Intel's overall disaggregation initiative is known as Rack Scale Architecture. On the hardware side, that includes its work in the silicon photonics optical interconnect, as well as a programmable network switch due out in 2015. A pod management framework communicates with the system components via hardware application programming interfaces, and provides a policy-based orchestration framework to assemble and disassemble systems from the resource pool, said Intel's Kyathsandra.
Intel demonstrated the system within a single rack, and will share the results with the Open Compute Project for hardware designs and OpenStack for cloud orchestration, to encourage openness and adoption. "You should be able to have different racks from different vendors, and get the same hardware-level information from each rack," Kyathsandra said. The goal is for different orchestration layers to work together seamlessly. "It shouldn't matter whether you are using VMware or OpenStack," he said.
Disaggregate in the face of danger
Disaggregation presents challenges for software development, management and operating systems vendors too. "How do you reason across these pools of resources?" said Microsoft's Neil.
Microsoft's strategy is to innovate in Azure, and then push that work back out via the Open Compute Project for hardware, and Windows Server and Systems Center for management. Microsoft also made a version of its Azure system, the Microsoft Cloud Platform System, based on commercially available Dell hardware.

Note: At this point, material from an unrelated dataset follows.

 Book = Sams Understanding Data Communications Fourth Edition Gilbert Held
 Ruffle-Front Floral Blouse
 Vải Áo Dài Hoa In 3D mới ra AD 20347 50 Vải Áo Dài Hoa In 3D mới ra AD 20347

"Our general goal is to take innovations that we've done in Azure, and drive [them] out toward broader industry adoption," Neil said. Disaggregated hardware and software designs will likely find their way to Open Compute Project and the market, he said.

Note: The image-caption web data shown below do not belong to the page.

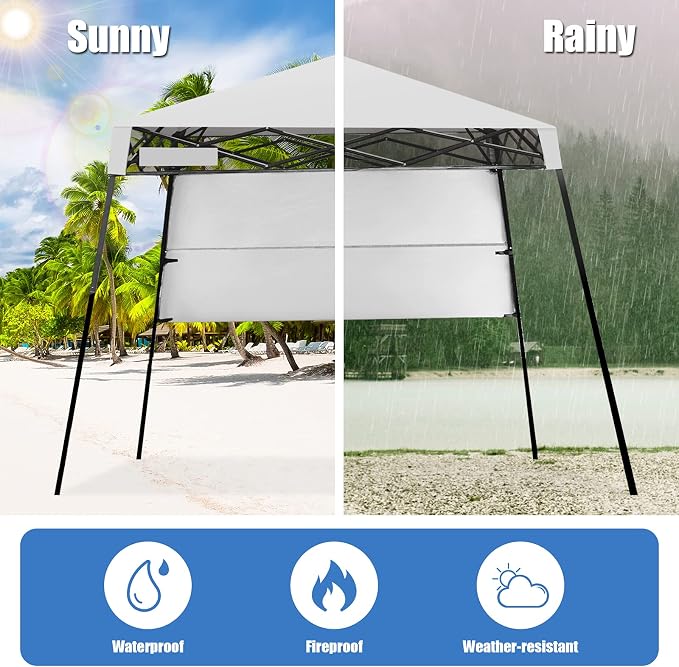 Fireflowery 7’ x 7’ Pop Up Canopy Tent, Portable Shelter Canopy w/Backpack - Image 3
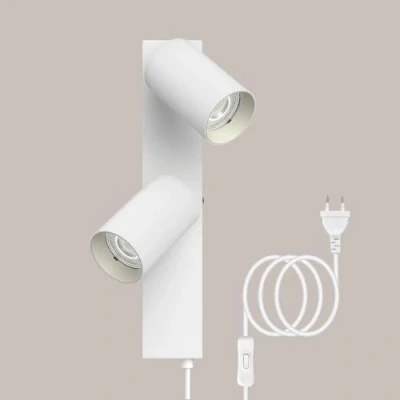 Imagen de TaFiCo Aplique Pared con Enchufe y Interruptor 2 Focos Blanco GU10 Lampara de Cable Moderno Giratorio 350 Apliques Dormitorio Salón Pasillo Sin Bombillas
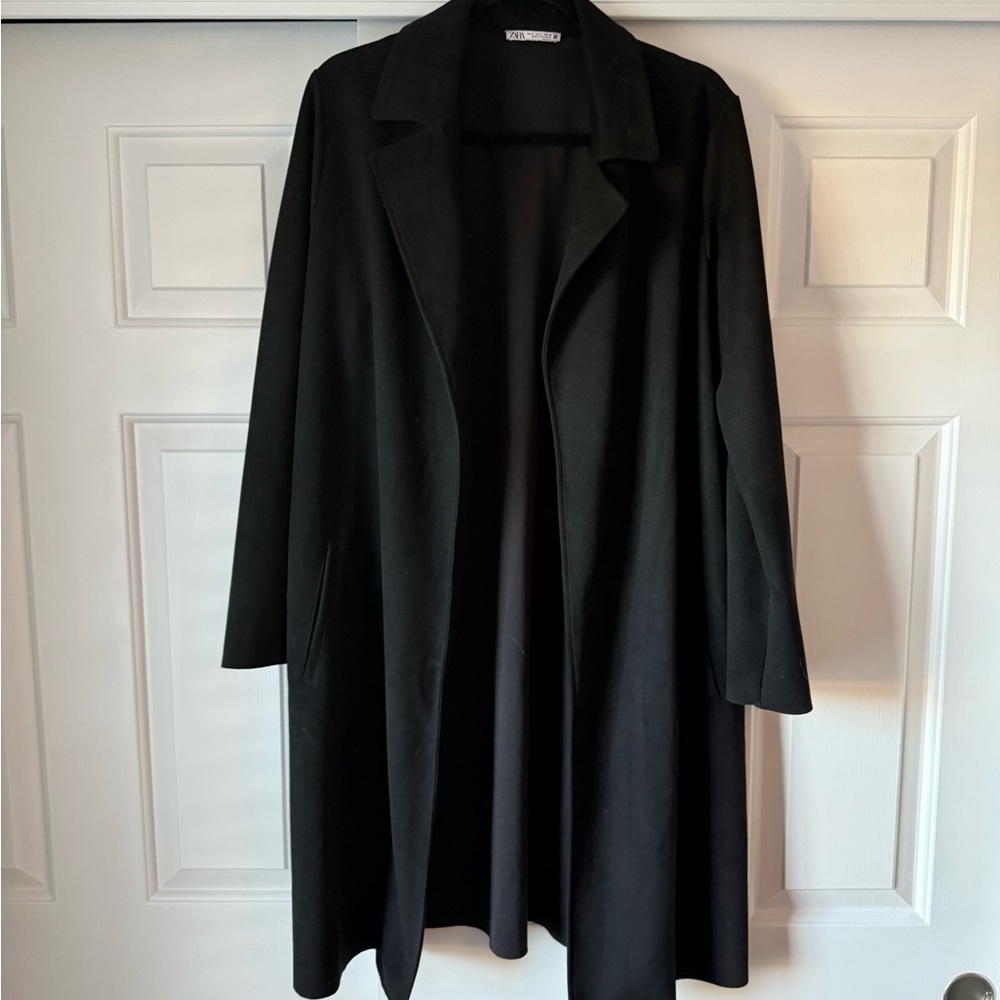 Elegant Black Suede Women's Coat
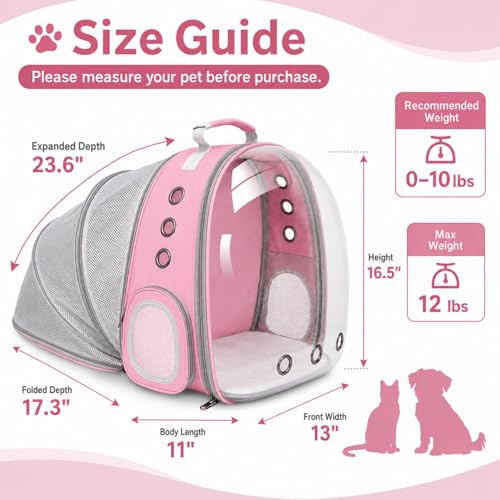 Expandable Cat Carrier Backpack with Bubble Window, Pink - color: Pink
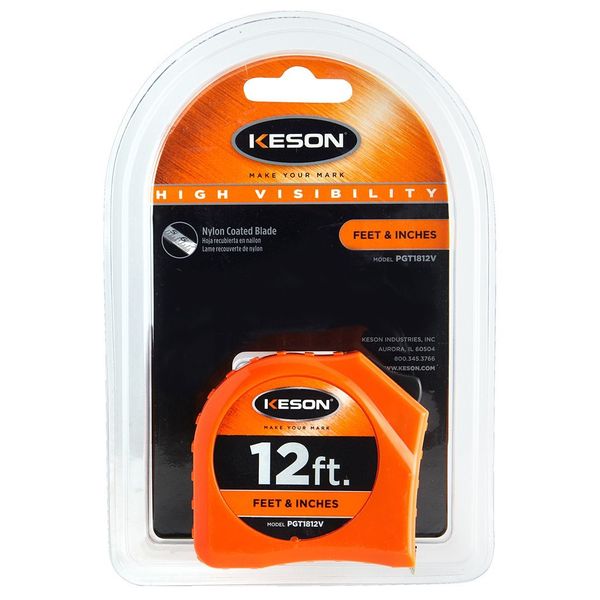 12 ft Tape Measure, 5/8 in Blade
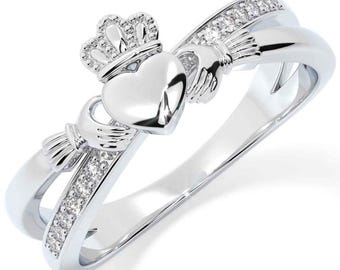 Anillo Claddagh de plata de ley con corazón coronado y moissanita, alianza irlandesa de amor, amistad y lealtad, anillo de promesa, regalo de joyería celta para ella.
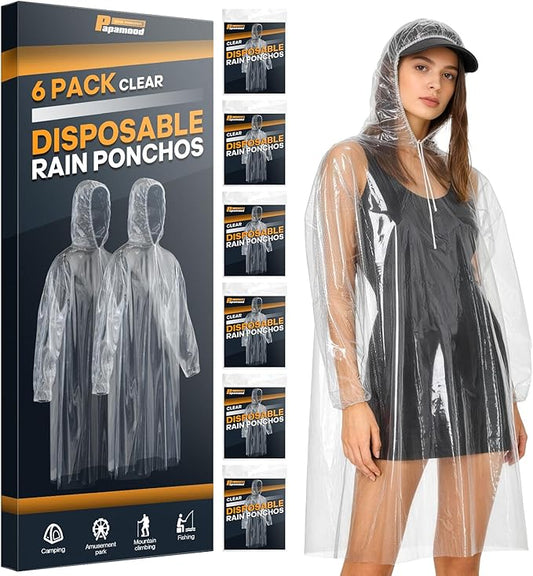 Disposable Rain Ponchos, 6 Pack Family Pack for Adults, 1MIL Thick Clear Emergency Raincoat with Drawstring Hood and Elastic Cuffs, Waterproof Rain Gear for Theme Parks Travel, and Camping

Disaggregated system designs may enter data centers much faster than may seem possible, said Mellanox's Deierling.
"[It] will trickle down to the enterprise faster than people realize," he said. Hyperscale vendors have a lot of engineers who are already doing this work, and it's not a big leap for them to productize the work that they have been doing internally for public consumption. "They're saying 'hey, we've already done the heavy lifting. Let's bring this to the enterprise.'"
Bin and box packing
With north of a million servers, Microsoft spends more than $2bil per year on cloud infrastructure. At that kind of scale, disaggregation has the potential to save Microsoft big money by solving the bin-and-box packing problem: How to build systems ("bins") that can take the maximum number of workloads ("boxes"), Neil said.
"Let's say I have a bin that is four feet long," Neil said. "I put two two-foot boxes in it, and the bin is filled. But what if I want to put in a three foot box, and a 1.5 foot box? It doesn't work."
The bin packing problem is an algorithm that aims to pack objects of different volumes into the smallest number of bins possible. There's a range of packing and shipping applications for this problem, as well as other iterations, such as planning file backups. Bin packing also includes the idea that some items can share space -- and therefore resources -- when packed into a bin, like virtual machines in a server.